The least talked about obstacle to electric transportation concerns the raw materials needed to manufacture the vehicles. Rare earth metals are key to global efforts to switch to cleaner energy and therefore transportation. But mining and processing the metals causes immense environmental damage. China’s rare earth industry each year produces more than five times the amount of waste gas, including deadly fluorine and sulfur dioxide, than the total flared annually by all miners and oil refiners in the U.S. Alongside that 13 billion cubic meters of gas is 25 million tons of wastewater laced with cancer-causing heavy metals such as cadmium. And, just as we already have a problem with peak oil, a shortfall looks likely in the world’s capacity to produce lithium. One rare metals expert, William Tahil, claims the production of hybrid and electric cars will soon tax the world’s production of lithium carbonate.
Think More, Move Less
Politicians tend to dissemble or lie, or both, whenever the subject of transportation strategy crops up. Despite proof that transportation damages the biosphere, costs a fortune and kills people, the policy establishment is in thrall to the belief that transportation-enabled economic growth takes priority over all else. This false belief is based on inadequate ecological accounting, and the power of the myriad industries involved. Every aspect of the aviation industry, for example — airplane manufacturers, airlines, airports — is subsidized by direct grants and tax breaks. Remove these hidden subsidies and also charge aviation the true costs of its environmental impact and the whole enterprise becomes un-economic even on its own terms.
Politicians are also scared that no voter will tolerate a curtailment of air travel. The better way to put it is that no rich voter will do so. Only 5 percent of the world’s population has ever flown. Aviation is overwhelmingly an activity of the rich, and strong measures to combat the environmental impact of aviation would not adversely effect poor people.
We once hoped that the internet would replace trips to the mall; that air travel would give way to teleconferencing; and that digital transmission would replace the physical delivery of books and videos. In the event, technology has indeed enabled some of these new kinds of mobility — but in addition to, not as replacements for, the old kinds. The internet has increased transport intensity in the economy as a whole. Rhetoric of a “weightless” economy, the “death of distance” and the “displacement of “matter by mind” sound ridiculous in retrospect.

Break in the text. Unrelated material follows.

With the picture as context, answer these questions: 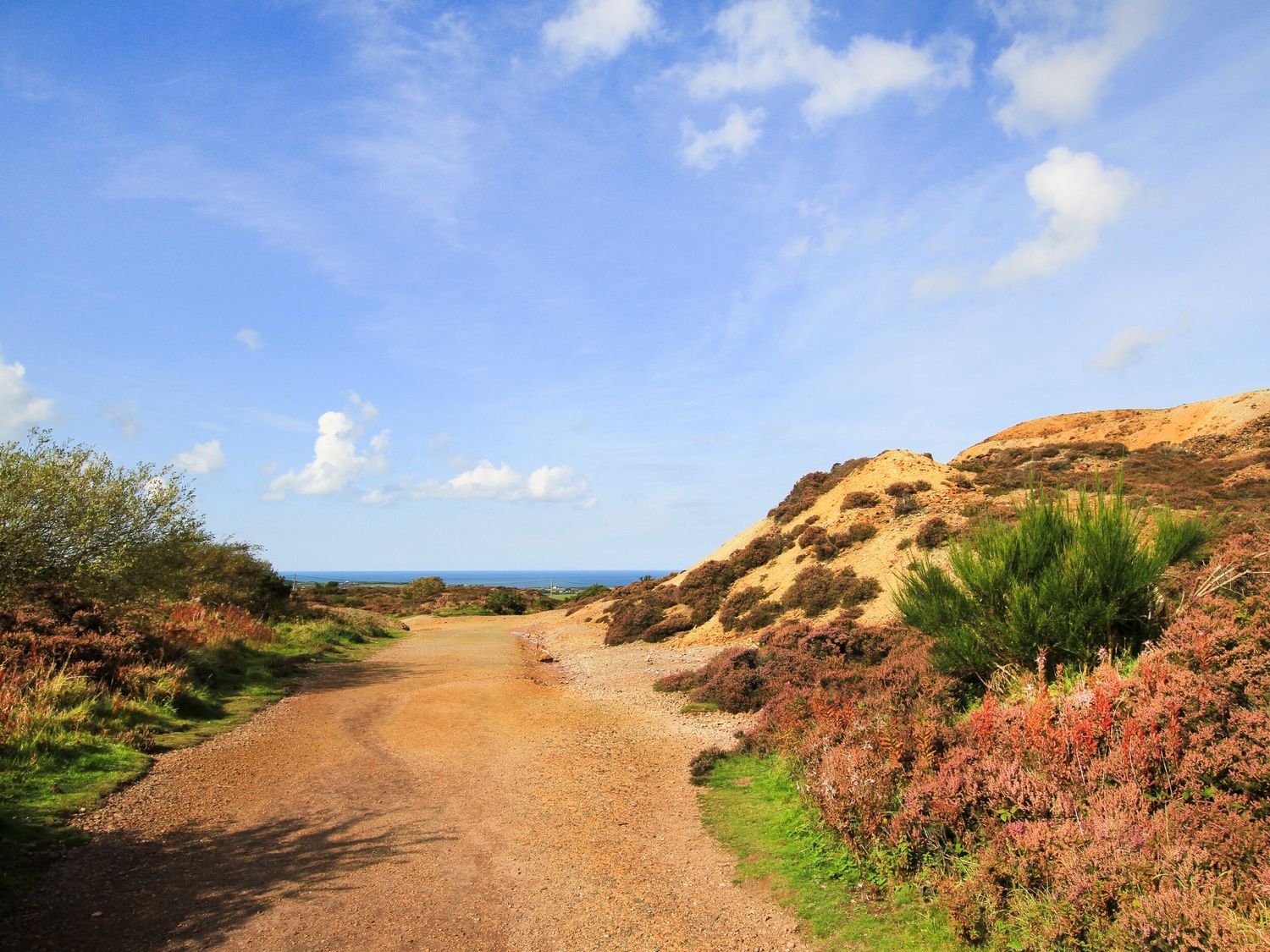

Rather than tinker with symptoms — such as inventing hydrogen-powered vehicles, or turning gas stations into battery stations — the more interesting and pertinent design task is to re-think the way we use time and space and to reduce the movement of matter — whether goods or people — by changing the word "faster" to "closer."
Our transportation challenge can be compared to distributed computing. The speed-obsessed computer world, in which network designers rail against delays measured in milliseconds, is years ahead of the rest of us in rethinking space-time issues. It can teach us how to rethink relationships between place and time in the real world, too. Embedded on microchips, computer operations entail careful accounting for the speed of light. The problem geeks struggle constantly with is called latency — the delay caused by the time it takes for a remote request to be serviced, or for a message to travel between two processing nodes. Another key word, attenuation, describes the loss of transmitted signal strength as a result of interference — a weakening of the signal as it travels farther from its source — much as the taste of strawberries grown in Spain weakens as they are trucked to faraway places. The brick walls of latency and attenuation prompt computer designers to talk of a “light-speed crisis” in microprocessor design. The clever design solution to the light-speed crisis is to move processors closer to the data — in ecological terms, to re-localize the economy.
Network designers are good localizers. Striving to reduce geodesic distance, they have developed the so-called store-width paradigm or “cache and carry.” They focus on copying, replicating and storing web pages as close as possible to their final destination, at content access points. Thus, if you go online to retrieve a large software update from an online file library, you are often given a choice of countries from which to download it. This technique is called “load balancing” — even though the loads in question, packets of information, don’t actually weigh anything in real-world terms. Cache-and-carry companies maintain tens of thousand of such caches around the world.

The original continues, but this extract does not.